**Initialization**
- I use these three lines of code on top of my each notebooks because it will help to prevent any problems while reloading the same project. And the third line of code helps to make visualization within the notebook.

In [1]:
#@ INITIALIZATION: 
%reload_ext autoreload
%autoreload 2
%matplotlib inline

**Downloading Libraries and Dependencies**
- I have downloaded all the libraries and dependencies required for the project in one particular cell.

In [3]:
#@ IMPORTING MODULES: UNCOMMENT BELOW:
# !pip install transformers[sentencepiece]
# !pip install datasets
# !pip install sacrebleu
# !pip install rouge_score
import torch
import nltk
# nltk.download('punkt')
import pandas as pd
import numpy as np
import torch.nn.functional as F
from tqdm import tqdm
from nltk.tokenize import sent_tokenize
from datasets import load_dataset
from datasets import load_metric
from transformers import pipeline
from transformers import set_seed
from transformers import AutoTokenizer
from transformers import AutoModelForSeq2SeqLM

#@ IGNORING WARNINGS: 
import warnings
warnings.filterwarnings("ignore")

**The CNN/DailyMail Dataset**
- This dataset consists of around 300,000 pairs of news articles and their corresponding summaries, composed from the bullet points that CNN and DailyMail attach to their articles.

In [5]:
#@ LOADING THE DATASET:
dataset = load_dataset("cnn_dailymail", version="3.0.0")               # Loading the dataset.
print(f"Features: {dataset['train'].column_names}")                    # Inspecting columns.

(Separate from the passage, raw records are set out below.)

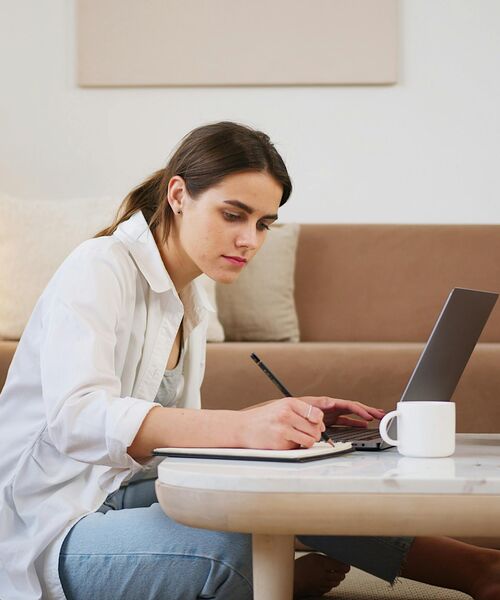 Person arbeitet konzentriert am Laptop und macht sich Notizen an einem Tisch mit Kaffeetasse.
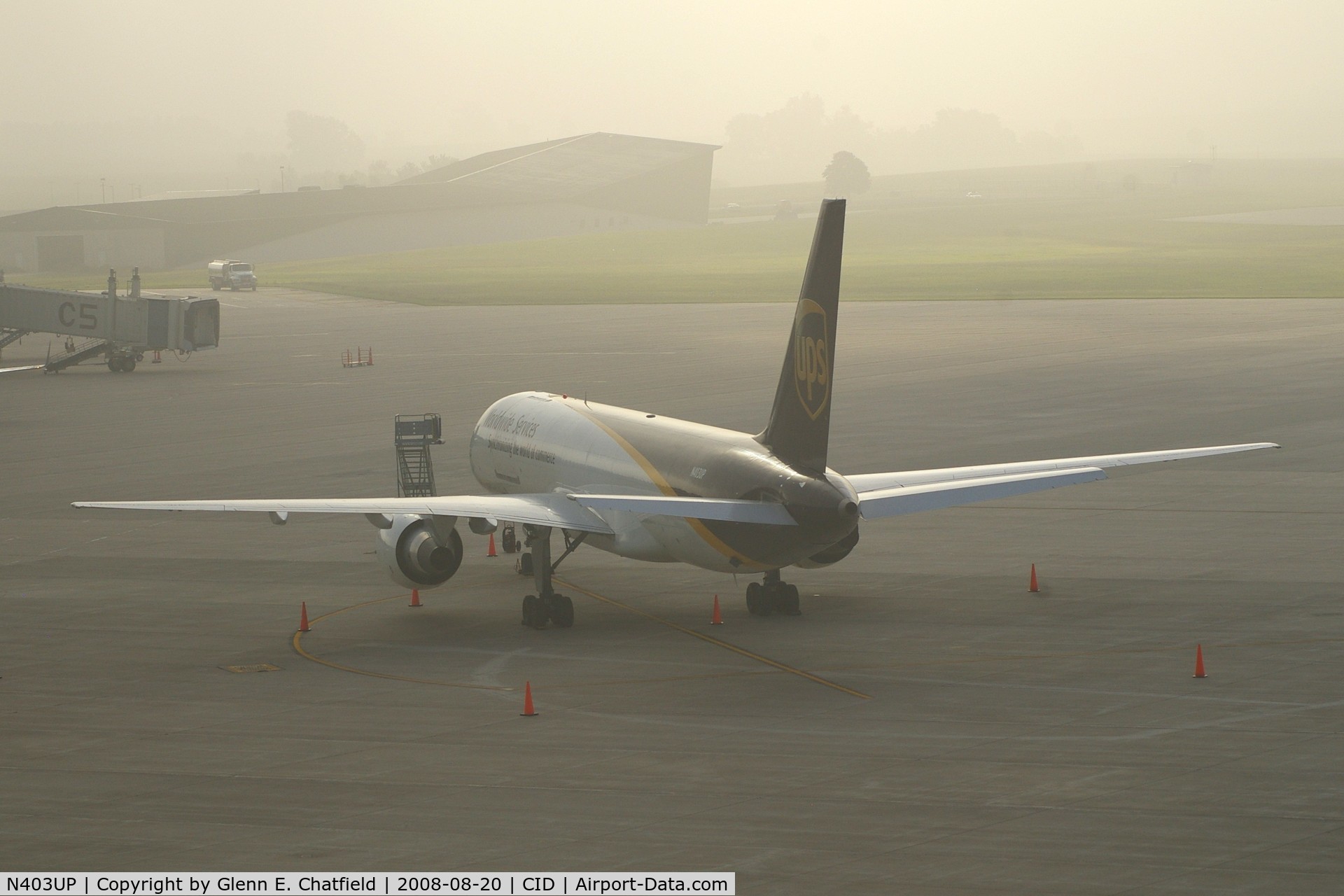N403UP, 1987 Boeing 757-24APF C/N 23725, Early morning fog on the UPS ramp.  Fog is clearing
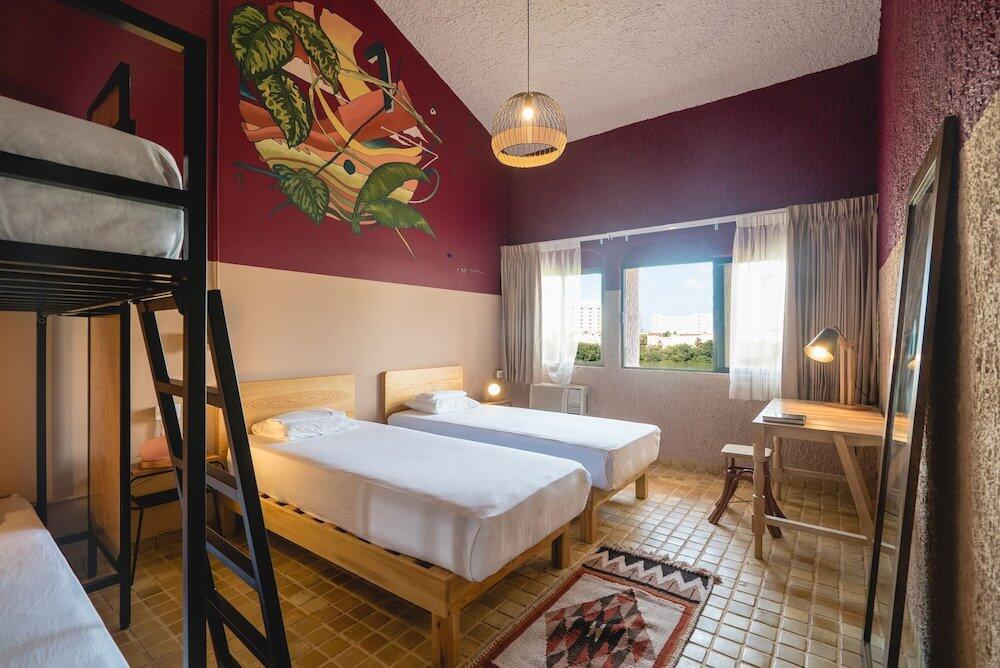 Foto de una habitación de Selina Cancun Laguna Hotel Zone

Using custom data configuration default
Reusing dataset cnn_dailymail (/root/.cache/huggingface/datasets/cnn_dailymail/default/3.0.0/3cb851bf7cf5826e45d49db2863f627cba583cbc32342df7349dfe6c38060234)


  0%|          | 0/3 [00:00<?, ?it/s]

Features: ['article', 'highlights', 'id']


In [6]:
#@ INSPECTING SAMPLE ARTICLES:
sample = dataset["train"][1]                                    # Initialization.
print(f"Article (excerpt of 500 characters, total length:\
{len(sample['article'])})")                                     # Inspecting number of characters.
print(sample["article"][:500])                                  # Inspecting article.
print(f"\nSummary length: {len(sample['highlights'])}")         # Inspecting length of summary.
print(sample["highlights"])                                     # Inspecting summary.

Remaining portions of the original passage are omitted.